Submitted to: Archives of Insect Biochemistry and Physiology
Publication Type: Peer Reviewed Journal
Publication Acceptance Date: February 26, 1997
Publication Date: N/A
Interpretive Summary: The gypsy moth is a destructive pest of Northern forests and shade trees. It reproduces at a very high rate, it is difficult to control with known insecticidal agents in the field, and it has few known predators. Increased knowledge of how reproductive processes are controlled in this insect may lead to development of new methods for control of this pest. Very little is known about the physiology and endocrinology of male insects, although we have shown that one peptide from the brain (LTE) can initiate and maintain steroid syntheses by moth testes. In this paper we have shown that there are at least 15 other brain peptide hormones that can regulate the output of steroid hormones by the testes of gypsy moths. The structures of 9 of these additional active hormones have been determined; 5 sequences are chemically similar to LTE (the LTE family) and 4 are quite different. In a database search, the former were similar to the inhibitory peptides, but the latter 4 were similar to zinc finger proteins (which are active in hormone mechanisms) and several virus proteins. This information will be useful to scientists in determining how these hormones function in insects and will lead to new approaches for development in gypsy moth control by manipulation of their reproductive processes.

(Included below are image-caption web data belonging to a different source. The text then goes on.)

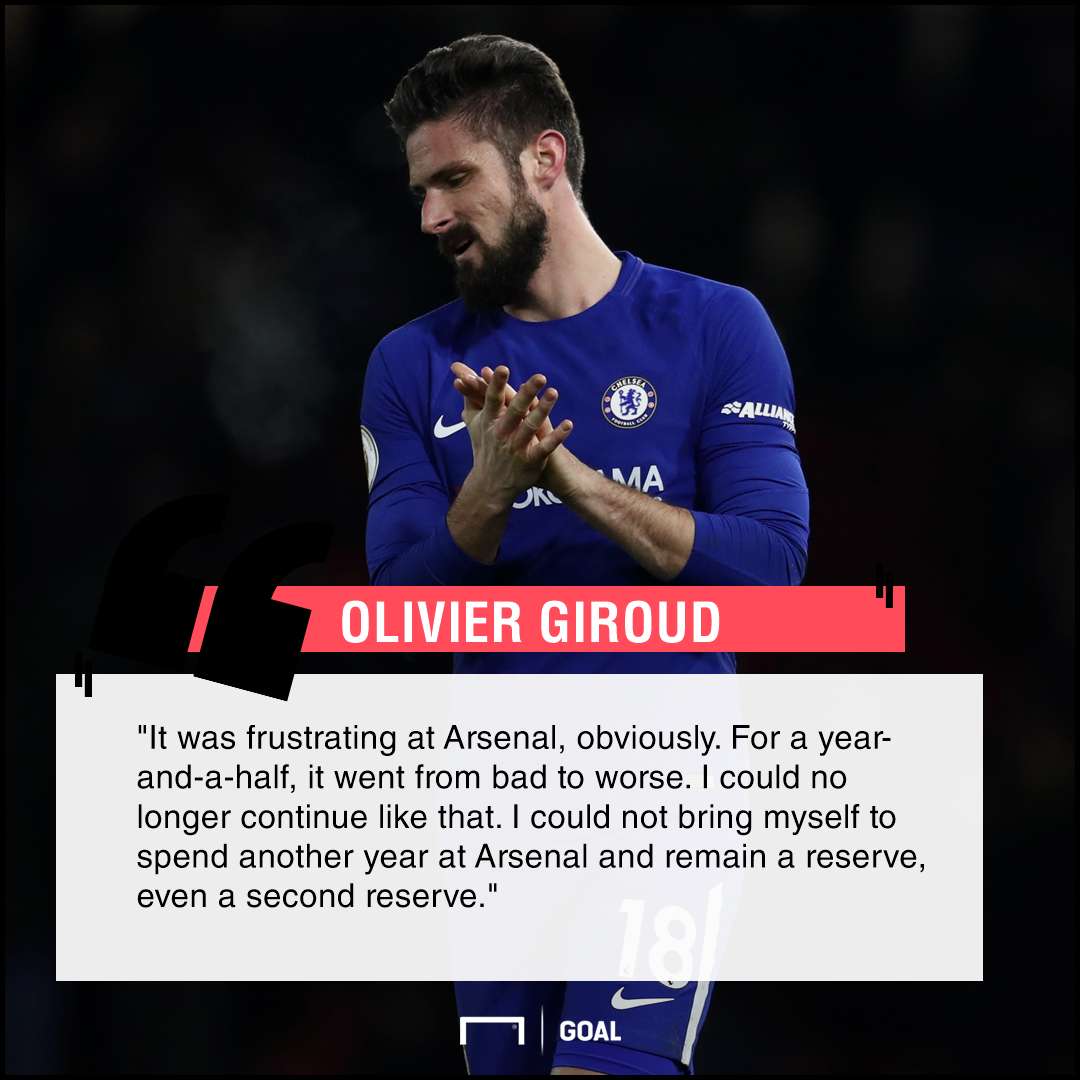 Olivier Giroud Arsenal frustration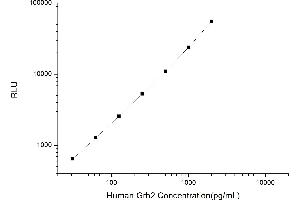 Typical standard curve (GRB2 Kit CLIA)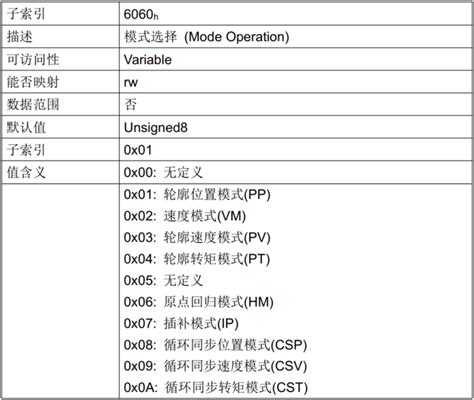 CYAT81688如何切换模式-CSDN博客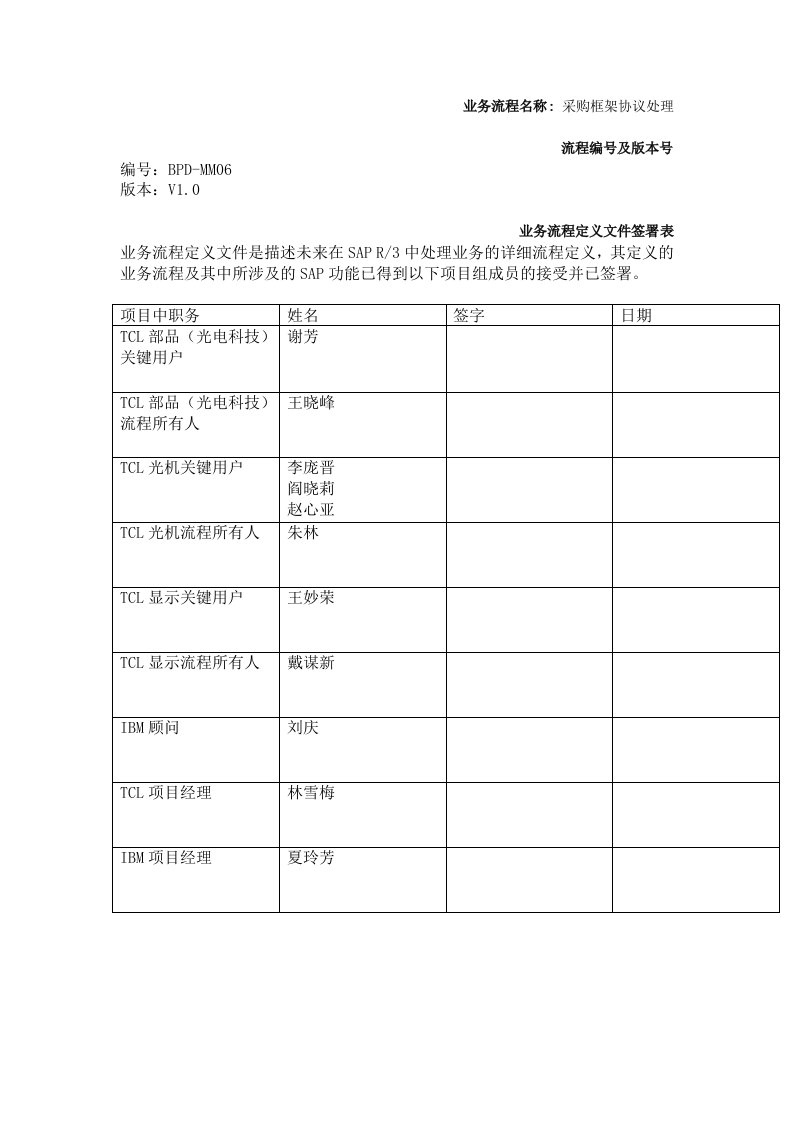 SAP-采购框架协议处理流程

Lymantria testis ecdysiotropin (LTE) was isolated from the most prominent peptide peak corresponding to an active fraction obtained by high pressure liquid chromatographic (HPLC) separation of a homogenate of 13,000 Lymantria dispar pupal brains. In this work we examined the other active fractions from a second HPLC separation of an additional 2,300 pupal brains. Bioassay of the ecdysteroidogenic effects of each peak on L. dispar testes allowed detection of 20 peptide peaks with testis ecdysiotropic activity in addition to LTE. Of these, 10 peptides were purified and sequenced. All of them were comparable to LTE in molecular weight. The amino acid sequences of 5 of the peptides were similar enough to LTE to be considered to be members of an LTE family. However, the other 5 peptides had no significant homology with LTE or with each other. A BLAST database search indicated LTE family homology with portions of inhibitory peptides such as those inhibiting cytolysis. In contrast, non-LTE ecdysiotropic peptides were strikingly homologous to portions of vertebrate and invertebrate zinc finger peptides and to vertebrate and invertebrate virus proteins.